Rahiplerin haritaları
Şimdi, Sümer (ve sonrasında Akat) astronom rahiplerinin gökyüzü haritalarını nasıl çizdiklerini anlamak için, beş bin yıl öncesinin Mezopotamya'sını gözlerimizin önüne getirelim. İlk büyük kentler, İran Körfezi'nin hemen kuzeyinde, bir zamanlar bataklık olan bölgede kuruluyor. Bunların içinde en önemlisi de, Enki'nin kült merkezi olarak nitelenen ve 'yeryüzünün ilk kenti' olduğu metinlerde anlatılan, Eridu. Buradaki gözlemevinde gökyüzünü inceleyen rahipler, haritalarını çıkarırken şu ilkeleri uyguluyorlar: Sırtı kuzey kutbuna, yüzü de güney göklerine bakacak biçimde duruyor gözlemci. Karşısında, bataklıkların hemen bitiminden itibaren başlayan körfez suları ve engin deniz var. Haritayı çizime aktarırken, bu bakış açısına göre, ilkin ufku simgelemek üzere yatay bir çizgi çekiyor. Ardından, tam orta noktadan bu ufuk çizgisine dik inen ve onu kesip aşağıya doğru devam eden bir çizgi daha. Buna, 'Göklerin Orta Noktası' adını veriyor. Böylece, haritada, birbirini dik olarak kesen iki uzun çizginin oluşturduğu dev bir 'artı işareti' yer alıyor. Sonra, bu çizgilerin kesiştiği noktayı merkez alan büyükçe bir çember çiziyor gözlemci ve ortaya, bir 'artı işareti' tarafından dört eşit parçaya bölünmüş bir daire çıkıyor. Yatay çizginin, yani ufkun altında kalan yarım daire, 'Yer altı'nı, ufkun üzerindeki yarım daire de gökyüzünü simgeliyor; yani, güney göklerini. Her bir çeyrek daire, kendi içinde üçer bölüme ayrıldığında, gökyüzündeki koordinatları belirlemekte kullanılan '12 istasyon noktası' elde edilmiş oluyor. Tarif ettiğimiz bu harita, bir biçimde 'astroloji' ile ilgilenenlere hiç de yabancı gelmeyecektir, çünkü bugün hala astrolojiyle uğraşanların çizdiği gökyüzü haritaları, beş bin yılı aşkın bir süre önce Sümer rahiplerinin çizdiği diyagramları kullanmaktadır.
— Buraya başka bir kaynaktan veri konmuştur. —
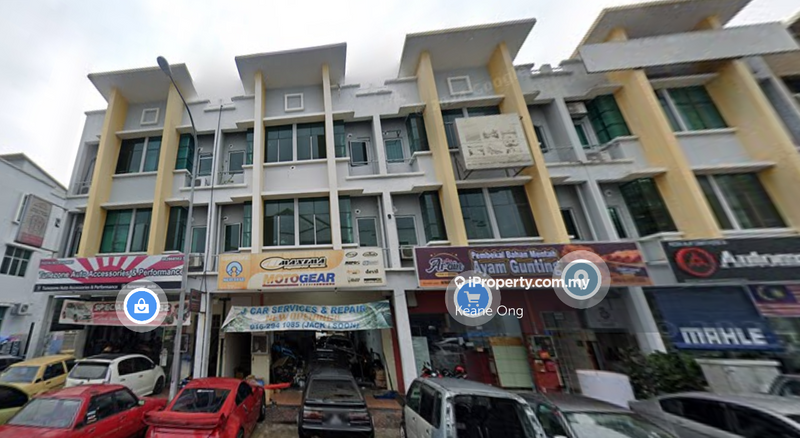 For Sale - jalan putra kajang , 3 storey , adjoining unit , kajang putra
--------------------------------------------------------------------------------
YARATILIŞIN YEDİ TABLETİ
Babil'in ünlü kozmogoni destanı Enuma Eliş, Akat uygarlığına ait kentlerin kalıntılarında gerçekleştirilen kazılarda bulundu. Ele geçen kopyalar içinde en eskileri İsa'dan önce ikinci binyılın başlarına dek tarihleniyordu ve Akat diliyle yazılmıştı ama uzmanlar bu destanda anlatılanların Sümer kaynaklarından ödünç alındığını ve ilk orijinalin muhtemelen çok daha eskilere ait olduğunu düşünüyorlar. Evrenin, gökyüzünün, yaratılış arifesindeki kaostan kurtulup belli bir düzen içine girişini 'tanrısal simgeler' kullanarak Enuma Eliş, uzaklardan gelen Marduk adlı bir gök cisminin kargaşaya son vermesini ve düzeni sağlamasını konu ediyor. Toplam yedi tablet üzerine yazıldığı için 'Yaratılışın Yedi Tableti' olarak adlandırılan ve İngilizce çevirisi Sir Leonard W. King tarafından yapılan destan, evrenin ve güneş sistemimizin oluşumu konusunda bir 'antik teori' örneği oluşturduğu kadar, bilinmeyen bir gök cisminin göklerde izlediği yol hakkında bilgi vermesi açısından da eşsiz bir metin niteliğinde. Marduk'un 'Tiamat' adı verilen göksel ejderhayla giriştiği savaşın, izleyen dönem içindeki bütün ejderha mitlerine esin kaynağı oluşturduğu düşünülüyor.